| |
The exhibition
program at the AAC consists of juried group shows and
solo exhibitions. The year is divided into six slots,
each six to nine weeks long. The AAC issues an annual
call for solo exhibitions proposals for the subsequent
season. Proposals are reviewed by a rotating Exhibitions
Committee, which includes members of staff and Board,
as well as outside curators, artists, and other arts professionals.

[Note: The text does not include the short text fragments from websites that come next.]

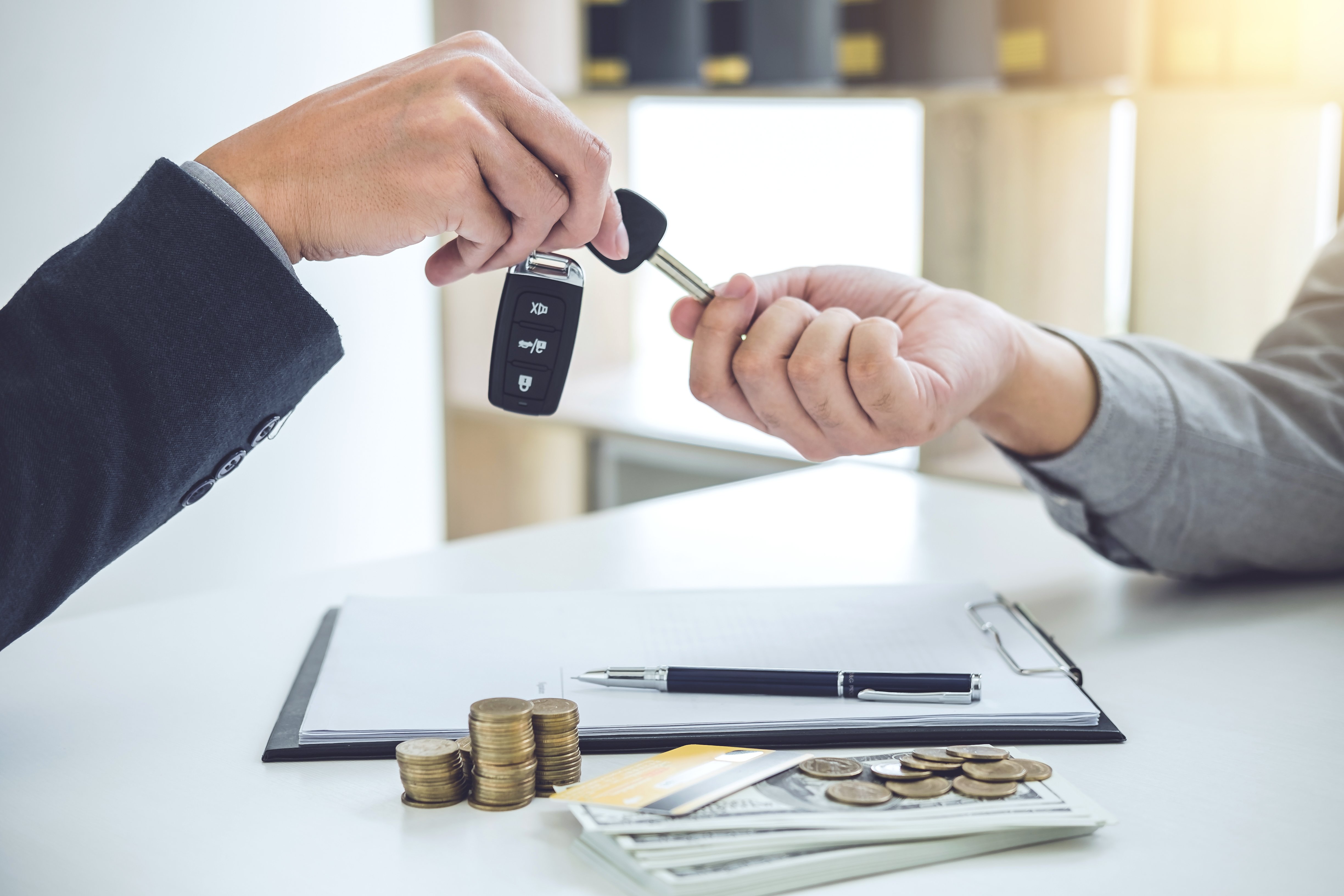salesman-send-key-customer-after-good-deal-agreement-successful-car-loan-contract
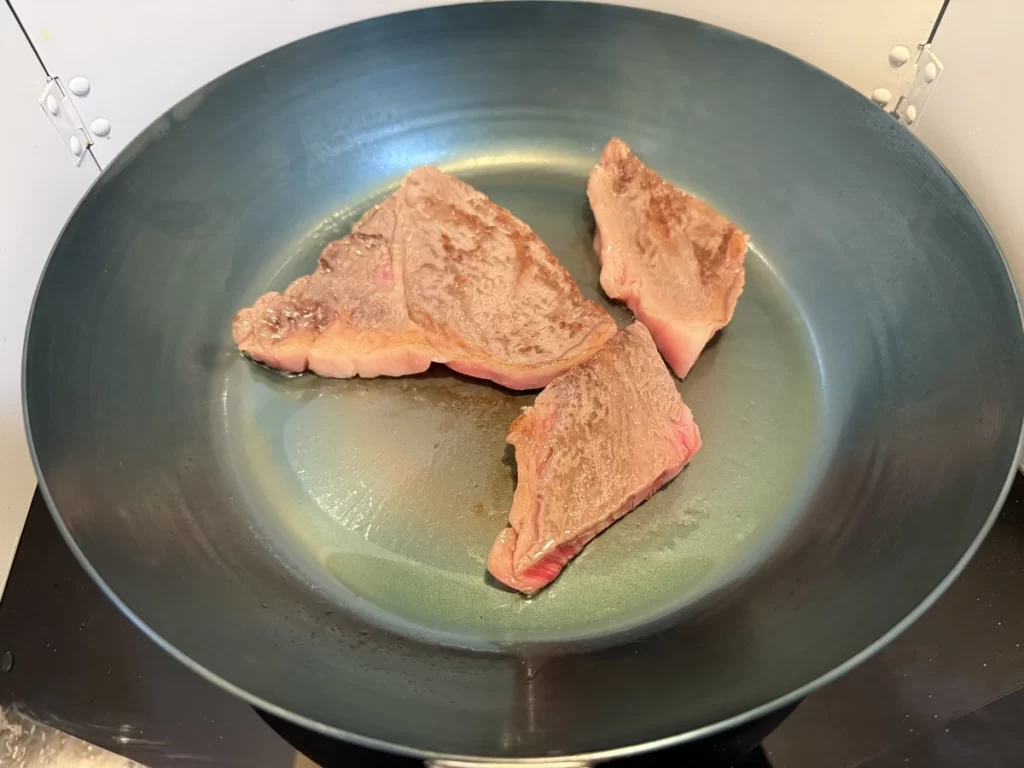 鉄フライパンでステーキの片面を焼いた状態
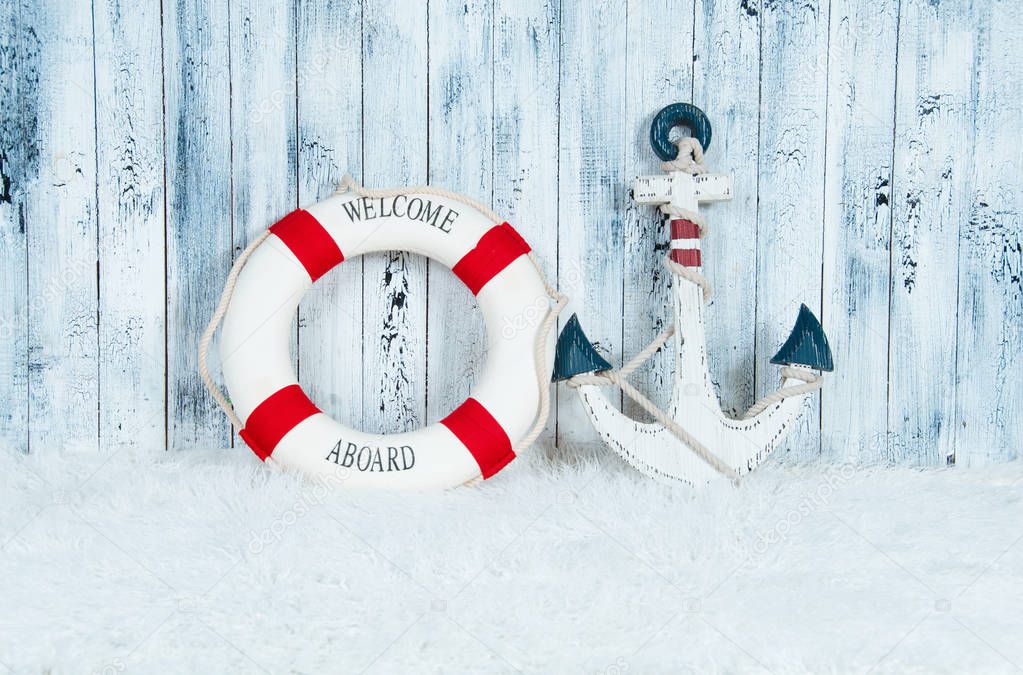 Decorative lifebuoy, anchor and starfish sea shells over wooden blue background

Calls for entry for group shows are issued intermittently
and juried by an AAC designated curator. Occasional invitational
exhibitions take place, with the AAC curator or a guest
curator making the selections. The AAC continues to pursue
artistic excellence and to facilitate bringing emerging
and under-represented artists into contact with the public
as well as museum and gallery professionals. The AAC serves
as a focal point for the ongoing exchange of ideas and
images between artists and the public and as a doorway
to the arts for the local and Mid-Atlantic regional community.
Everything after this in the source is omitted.